Yes, after a long time. But the rate of return is variable depending on the country, and it's a cultural thing. The French come back more systematically than others, for example. I remember what the Chinese minister of research said, when he was asked about this subject. He said: Look, if two million Chinese go abroad to study and only one million come back, it would be magnificent. (Laughs.) Well, the million learned things in Japan, in America. The Chinese saw how the Koreans or others played this [migration] card very well - how they benefited from this circulation and how they came back. There is always a certain number who leave their country of origin, develop a larger professional and social network, and who are then going to function more efficiently to the benefit of both countries - the country of origin and the country visited.
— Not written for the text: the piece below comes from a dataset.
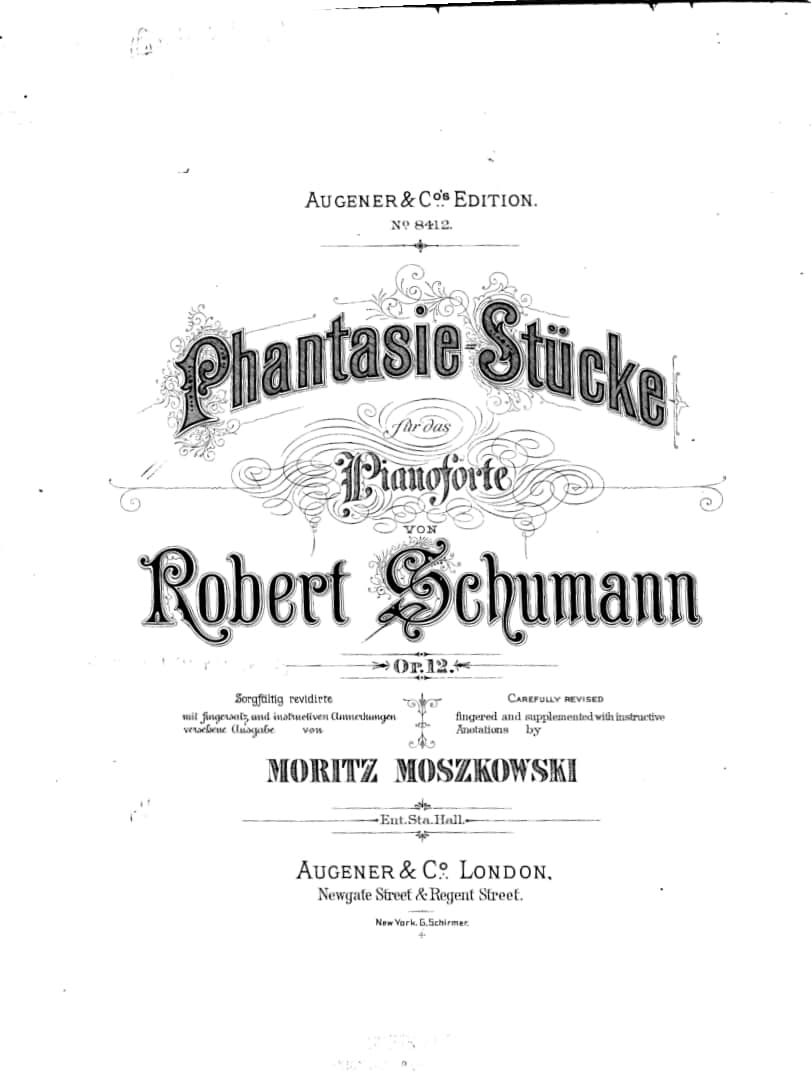 舒曼幻想曲集《為什么》-2020年中央音樂學(xué)院音樂教育學(xué)院招生鋼琴曲目(外國作品)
How big an exporter is China?

I can't be precise on that (an OECD study of the Chinese scientific system is just beginning.) It’s certainly a principal exporter of human resources. The real question is how is it evolving? China disposes of such vast resources - will it continue to be in surplus to others, or will there be an equilibrium? One can hypothesise that many of those who leave will come back because their career possibilities will grow exponentially in China. China has formed a business incubator devoted solely to the repatriated. If you are Chinese of origin, if you have been three or ten years in the US and you have an idea to come back, then you will benefit from help launching your company. You are welcomed into a structure that gives you financing, facilities - all with a view to attracting Chinese scientists and would-be technological entrepreneurs back to the country.

But again, what about the countries that feel they are losing?

The answer is you have to close the circle, to have the return loop. Yes, you have to wait a long time. But it works globally. If every country gets more attractive by strengthening its national base, it will retain its own people and attract others - and that can only raise the energy level of the entire global system.